WP: You’re at the final exam and never attended class. It’s that dream again.

I have this recurring nightmare. I’ve had it since high school.

I’m somebody who rarely is late or misses an appointment. I once forgot a lunch with a friend back in 2001. I don’t think I’ve done that since. I do not react well when I suffer from other people’s carelessness. I have never borrowed a book or other object without returning it.

UPDATE: After writing this blog post, I had a nightmare that I showed up to a bar mitzvah on Shabbos morning wearing old shorts and a ratty t-shirt and had to say stay outside and look stupid the whole time.

Washington Post:

“I think those who have it tend to be professional and were successful students,” says Judy Willis, a neurologist and teacher who lives in Santa Barbara, Calif., and who wrote about the dream in a 2009 Psychology Today blog post. “These are people who have demanded a high performance from themselves. The recurrence of the dream correlates with times of stress and pressure, when people feel they have a challenge to achieve.’’

Gemma Marangoni Ainslie, an Austin psychoanalyst, agrees. The final exam, she says, “is likely representative of an occasion when the dreamer feels he or she will be tested or measured, and the anxiety is about not measuring up. The dreamer’s task in ‘awake life’ is to translate the final exam to a situation he or she is facing that stirs up concerns about potential failure.”

But why school? Why don’t we dream about current pressures — grant proposals that are due, impending legal briefs or oral arguments, or newspaper deadlines?

“Emotional memories and impressions made during high-stress experiences are particularly strong, and are further strengthened each time they are recalled and become the place the brain goes when the emotion is evoked,” Willis wrote in an email. “Since each new stress in the current day is ‘new,’ there is not a strong memory circuit that would hook to it in a dream. But there is that strong neural network of previous, similar ‘achievement’ stress.

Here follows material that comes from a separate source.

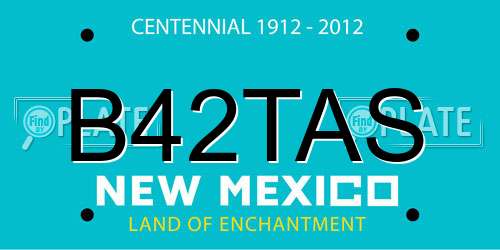 B42TAS New Mexico License Plate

Since tests are the highest stressors. . . [it] makes sense as the ‘go-to’ memory when stressed about something equally high stakes in the ‘now.’ ’’

Ainslie theorizes that most of us have these dreams “as an attempt to disguise what it’s really about,” she says. “The part of yourself that is distressed wants to disguise it, and the easiest way to disguise it is to move backwards.”

Ainslie says the school dream is a common one, although it’s not the only one that reflects anxiety. “Another common one is being in a car and not being able to put the brakes on,” she says. “This one isn’t about not measuring up. It’s about not being in control, a matter of not being the driver in your life.”

Alma Bond, a retired New York psychoanalyst and writer, describes the school dream as a response to “an unconscious memory of an experience for which we were totally unprepared,” adding that it’s possible “we unconsciously remember a time when we did fail some test or other, and are afraid we will repeat the failure.”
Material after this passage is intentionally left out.